Your task is to copy the listing exactly. Drop any pictures from the copy.

◆ Data extract
-- Opening Marker --
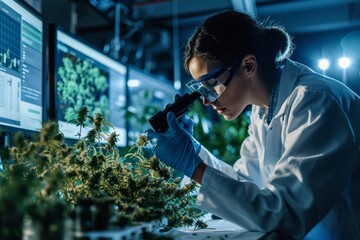 Female scientist in lab attire and goggles inspecting hemp flowers in a laboratory setting. Blurred background with screens displaying data analytics. Cannabis cultivation for medical purpose.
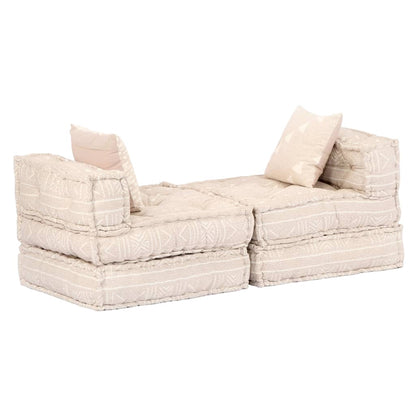 Pouf modulaire à 3 places Beige Tissu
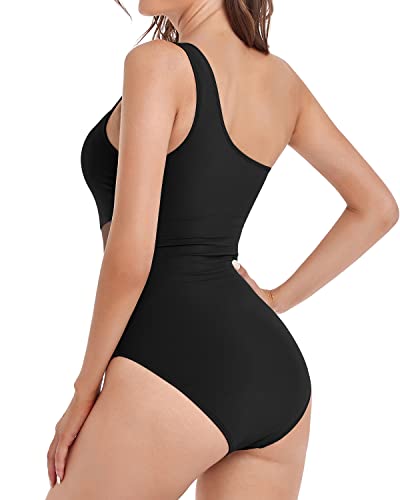 Women's One Piece Bathing Suit One Shoulder Swimsuit Monokini-Black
-- Closing Marker --
◆ Completed exercise
 Female scientist in lab attire and goggles inspecting hemp flowers in a laboratory setting. Blurred background with screens displaying data analytics. Cannabis cultivation for medical purpose.
 Pouf modulaire à 3 places Beige Tissu
 Women's One Piece Bathing Suit One Shoulder Swimsuit Monokini-Black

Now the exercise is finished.